Howard Springs quarantine facility

In relation to a particular operational Northern Territory facility, the comment is that to get to it “…drive south-east from Darwin Airport for 30 minutes and you will arrive at an old mining camp – the Manigurr-ma Village for fly-in, fly-out natural gas workers. Until recently, this complex was abandoned. Today, it is perhaps the most popular travel destination for Melbourne escapees.”

In other words, facilities do already exist, and it seems a tolerable spot to spend 14 days, especially if the facility is airconditioned. In my last blog, I suggested the Northern Territory as the site for quarantine and singled out Katherine. Creating a so-called bubble around Katherine would allow the possibility of visits to Katherine Gorge, increasing the tolerance levels for incarceration. However, creativity is never a recognised expertise of public service.

Now the Northern Territory First Minister has been re-elected, he can act with more freedom, notwithstanding section 49 of the Northern Territory Self Government Act. This mirrors terms of Section 92 of the Constitution in protecting movement across border. As one constitutional expert has said: “It means the NT is in the same position as a state.” However, the Northern Territory exists under law enacted by the Australian parliament, and is not recognised in the Constitution as a State.

The experience with the repatriation of Australians from Wuhan should have given the few long term planners in government a clue of how to handle quarantine. The Northern Territory is an ideal place. Over time, flight schedules can accommodate the need for incoming quarantine.

The other destination for the Wuhan evacuees, Christmas Island, is to Australia what French Guiana is to France – a place to send people to be forgotten at a great cost, but inconvenient for large scale quarantine.

Kristina Keneally took a direct stance recently when she suggested that the Federal government could provide a set of quarantine resources if they are establish any form of international tourism. Repatriating the clamouring Australians provides a pool of people to test how best to allow people coming from COVID-19 endemic areas to return – or come to Australia.

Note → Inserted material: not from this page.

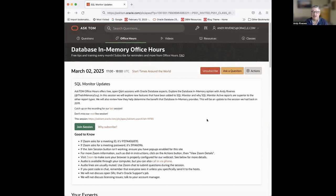Welcome, everybody. My name is Andy Rivenis. I'm a product manager with Oracle for Database and Memory. And this is the Database and Memory Office Hours session, Ask Tom.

The model exists in the successful evacuation from Wuhan.

Build or adapt facilities in Northern Australia to enable people to be quarantined for 14 days.

Gradually close down hotel quarantine, as international restrictions are eased but, in the light of the Government’s announcement this week that incoming passenger numbers will be increased, those states and territories that have taken a back seat in hosting quarantine can take some of the load – the ACT is a case in point, with its newly-constructed international airport; there are suitable sites in the ACT – much land around the Fairbairn RAAF base.

However, long term it is undesirable to use hotel facilities, which are not dedicated health facilities, for such a purpose. Thus there is a reason to establish a health-tourism forum so that people in each sector are brought together to develop a common language.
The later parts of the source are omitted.